### SUPPLIED RECORDS:
__________
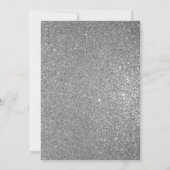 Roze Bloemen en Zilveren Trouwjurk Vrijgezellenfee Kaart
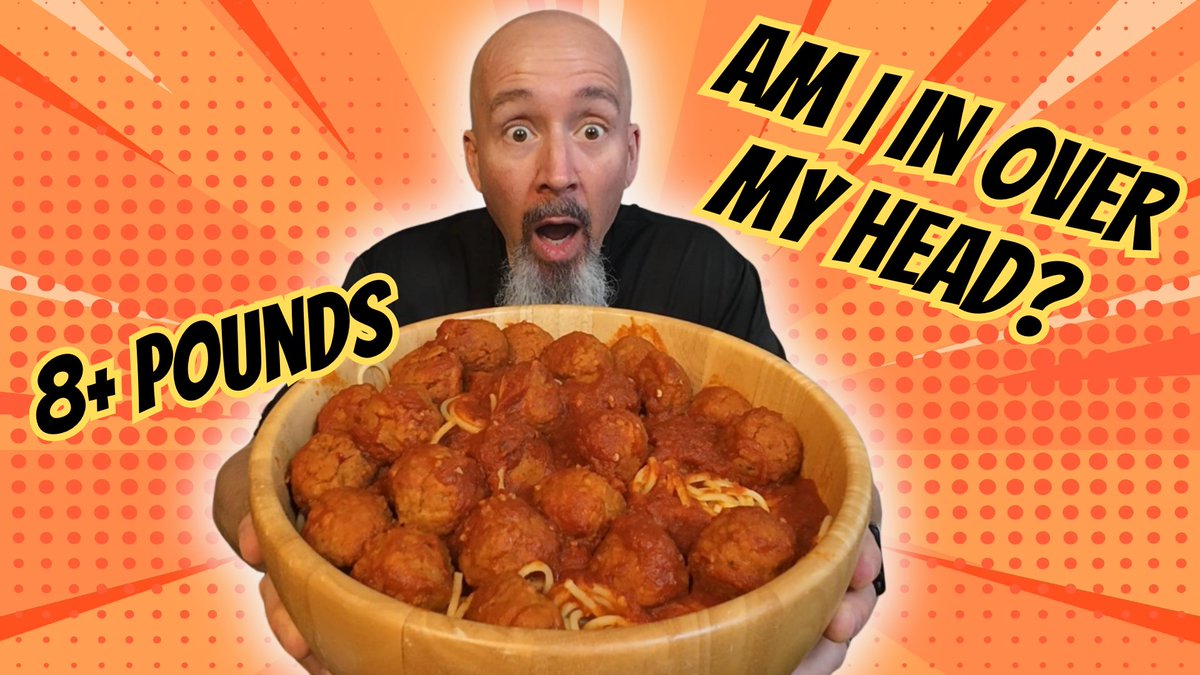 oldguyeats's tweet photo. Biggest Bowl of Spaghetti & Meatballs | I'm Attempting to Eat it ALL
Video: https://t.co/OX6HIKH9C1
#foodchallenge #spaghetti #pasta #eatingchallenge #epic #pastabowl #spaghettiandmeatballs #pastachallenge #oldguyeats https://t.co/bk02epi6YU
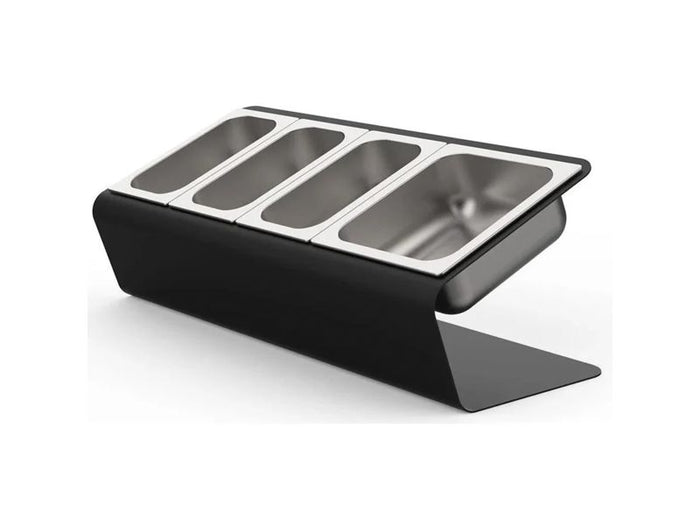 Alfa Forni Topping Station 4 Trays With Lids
__________
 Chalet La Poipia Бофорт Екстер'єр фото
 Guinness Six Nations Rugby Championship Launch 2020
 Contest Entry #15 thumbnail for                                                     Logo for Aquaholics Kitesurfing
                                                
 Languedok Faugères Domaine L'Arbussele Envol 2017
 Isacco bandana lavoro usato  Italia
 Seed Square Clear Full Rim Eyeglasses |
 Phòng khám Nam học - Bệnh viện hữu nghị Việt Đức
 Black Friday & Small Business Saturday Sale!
__________
### EXERCISE AIM:
Above are some records; copy exactly the lines from the one with "Guinness Six Nations" through the one with "Black Friday & Small Business Saturday Sale!", both included, and no others.

### EXERCISE RESULT:
 Guinness Six Nations Rugby Championship Launch 2020
 Contest Entry #15 thumbnail for                                                     Logo for Aquaholics Kitesurfing
                                                
 Languedok Faugères Domaine L'Arbussele Envol 2017
 Isacco bandana lavoro usato  Italia
 Seed Square Clear Full Rim Eyeglasses |
 Phòng khám Nam học - Bệnh viện hữu nghị Việt Đức
 Black Friday & Small Business Saturday Sale!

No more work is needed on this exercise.